======== Data under study

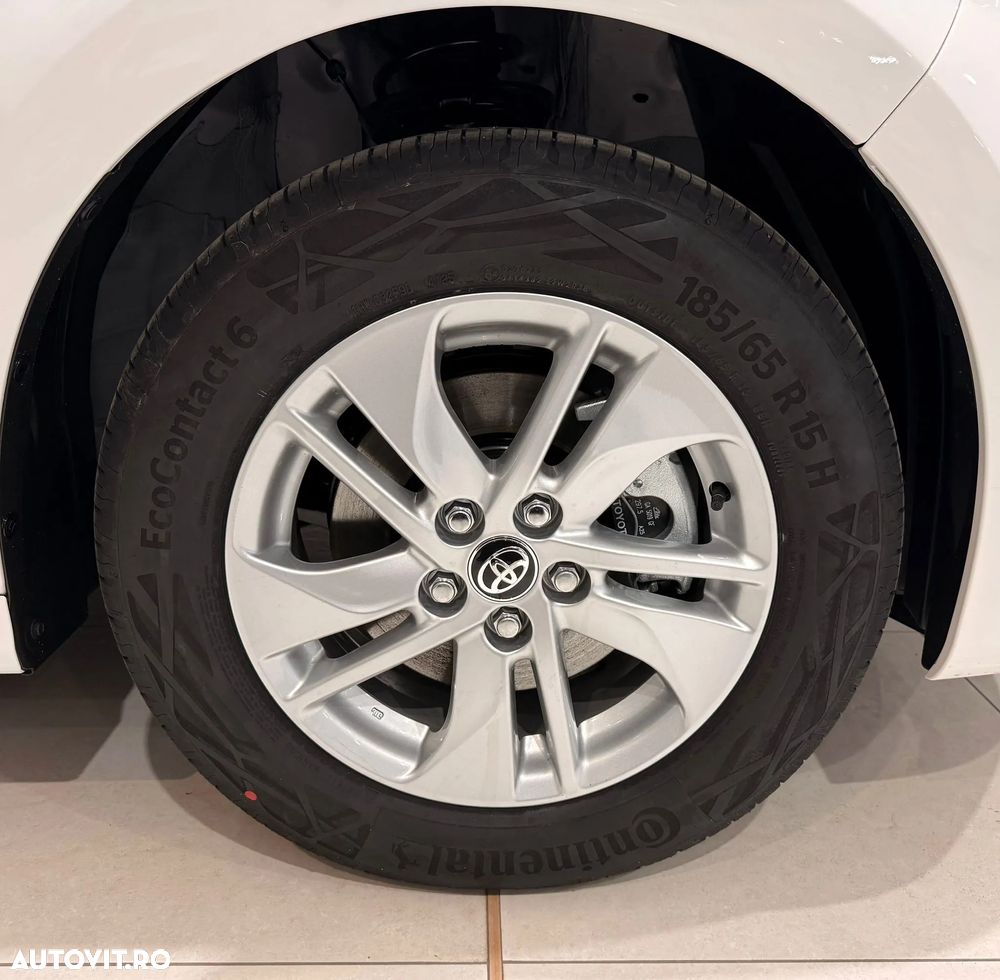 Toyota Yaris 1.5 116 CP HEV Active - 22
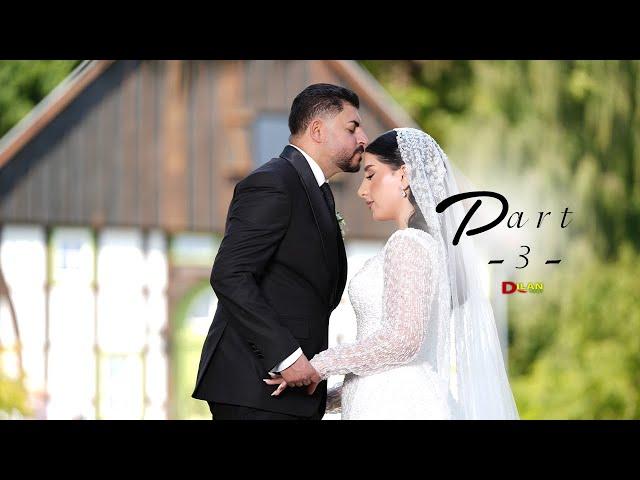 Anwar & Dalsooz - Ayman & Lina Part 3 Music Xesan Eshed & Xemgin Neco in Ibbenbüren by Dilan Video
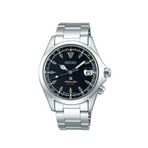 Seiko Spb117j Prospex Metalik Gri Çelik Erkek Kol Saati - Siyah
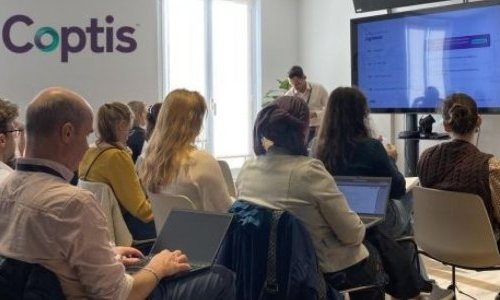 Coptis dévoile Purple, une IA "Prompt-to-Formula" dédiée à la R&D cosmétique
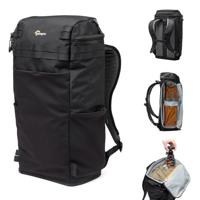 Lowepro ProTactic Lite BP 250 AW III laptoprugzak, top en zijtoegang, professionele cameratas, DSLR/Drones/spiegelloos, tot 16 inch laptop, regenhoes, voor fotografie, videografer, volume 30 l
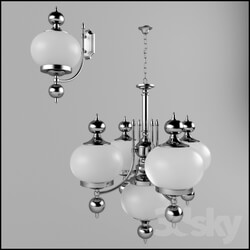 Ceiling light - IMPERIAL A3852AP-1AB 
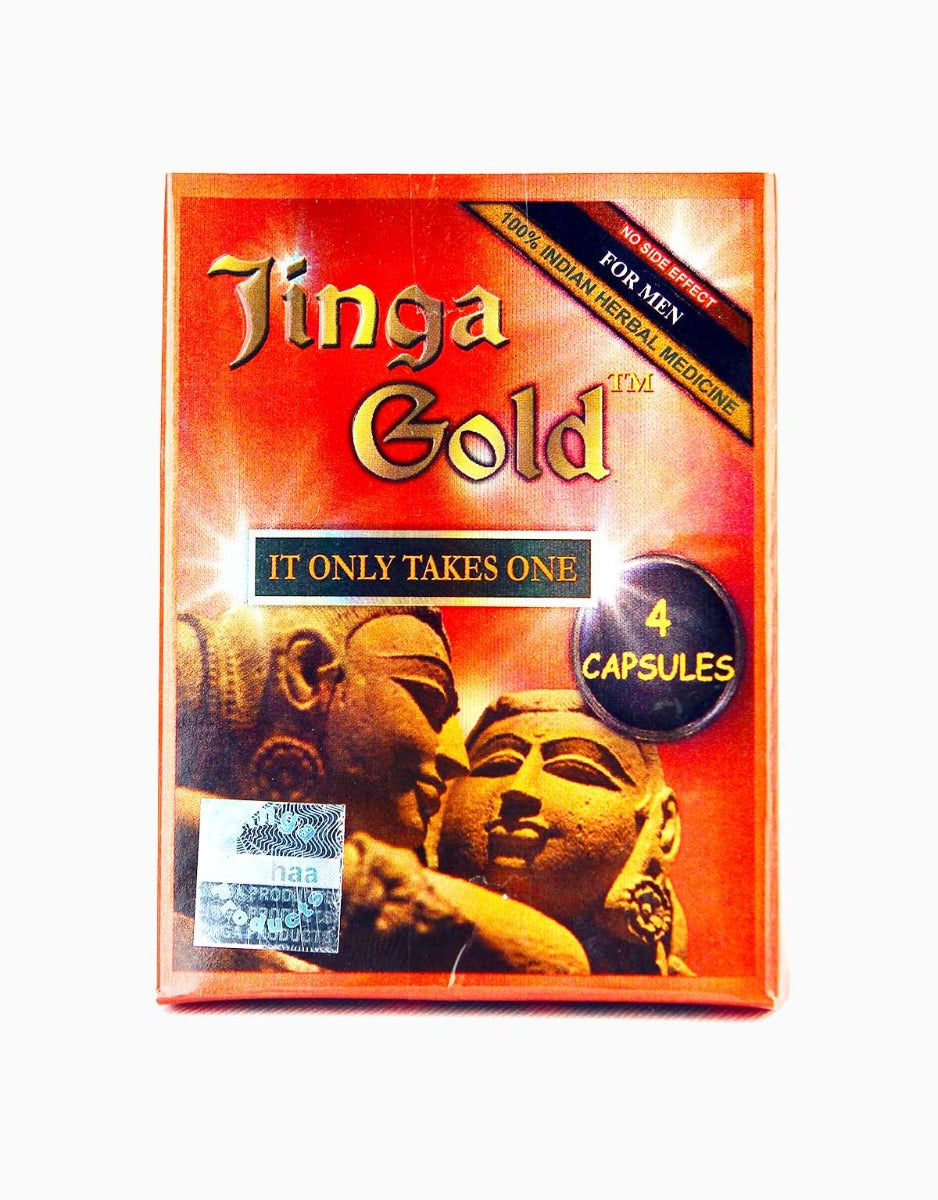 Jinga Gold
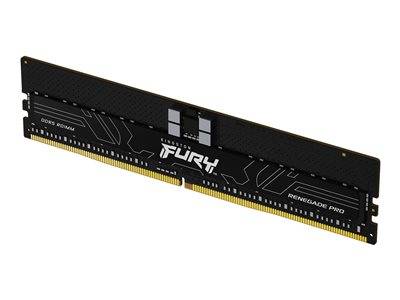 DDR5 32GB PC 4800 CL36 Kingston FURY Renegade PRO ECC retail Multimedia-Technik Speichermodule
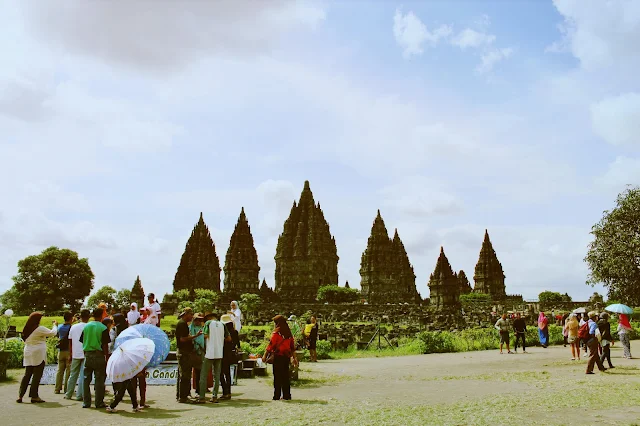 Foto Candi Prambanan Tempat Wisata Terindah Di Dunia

================

Exact reproduction of the entries above is what's needed; images stay out.

» **Reply**:
 Toyota Yaris 1.5 116 CP HEV Active - 22
 Anwar & Dalsooz - Ayman & Lina Part 3 Music Xesan Eshed & Xemgin Neco in Ibbenbüren by Dilan Video
 Seiko Spb117j Prospex Metalik Gri Çelik Erkek Kol Saati - Siyah
 Coptis dévoile Purple, une IA "Prompt-to-Formula" dédiée à la R&D cosmétique
 Lowepro ProTactic Lite BP 250 AW III laptoprugzak, top en zijtoegang, professionele cameratas, DSLR/Drones/spiegelloos, tot 16 inch laptop, regenhoes, voor fotografie, videografer, volume 30 l
 Ceiling light - IMPERIAL A3852AP-1AB 
 Jinga Gold
 DDR5 32GB PC 4800 CL36 Kingston FURY Renegade PRO ECC retail Multimedia-Technik Speichermodule
 Foto Candi Prambanan Tempat Wisata Terindah Di Dunia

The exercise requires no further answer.